The aim of this study was to investigate the protective effects of taurine (Tau) on experimental acute pancreatitis (AP) in a rat model by measuring cytokines and oxidant stress markers.

Forty rats were randomly divided into four groups: sham, AP, Tau and AP + Tau. AP was induced with sodium taurocholate. No treatment was given to the AP. All rats were killed 5 days later. Pancreatic tissues of rats and blood samples were obtained.

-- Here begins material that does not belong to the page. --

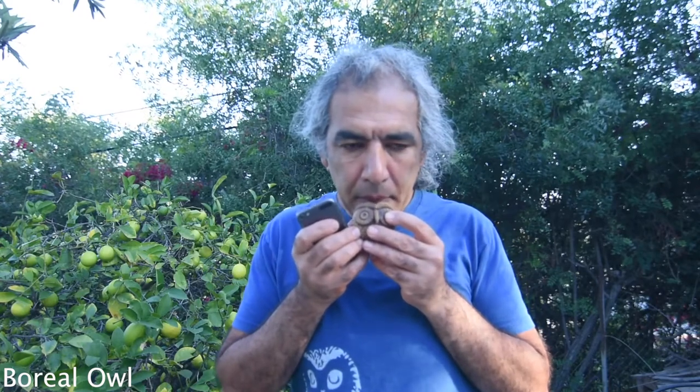Central American Pygmy Owl. Boreal Owl. Flammulated Owl.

Tau treatment significantly decreased serum amylase activity (p < 0.001), total injury score (p < 0.001), malondialdehyde levels (p < 0.001) and myeloperoxidase (MPO) activity (p < 0.001). There was no significant difference between the Tau and AP + Tau groups in serum and pancreatic tumor necrosis factor-α, interleukin (IL)-1β and IL-6 levels (p = 1.000). Histopathologic scores in the AP + Tau and Tau groups were significantly lower compared with the AP group (both p < 0.001).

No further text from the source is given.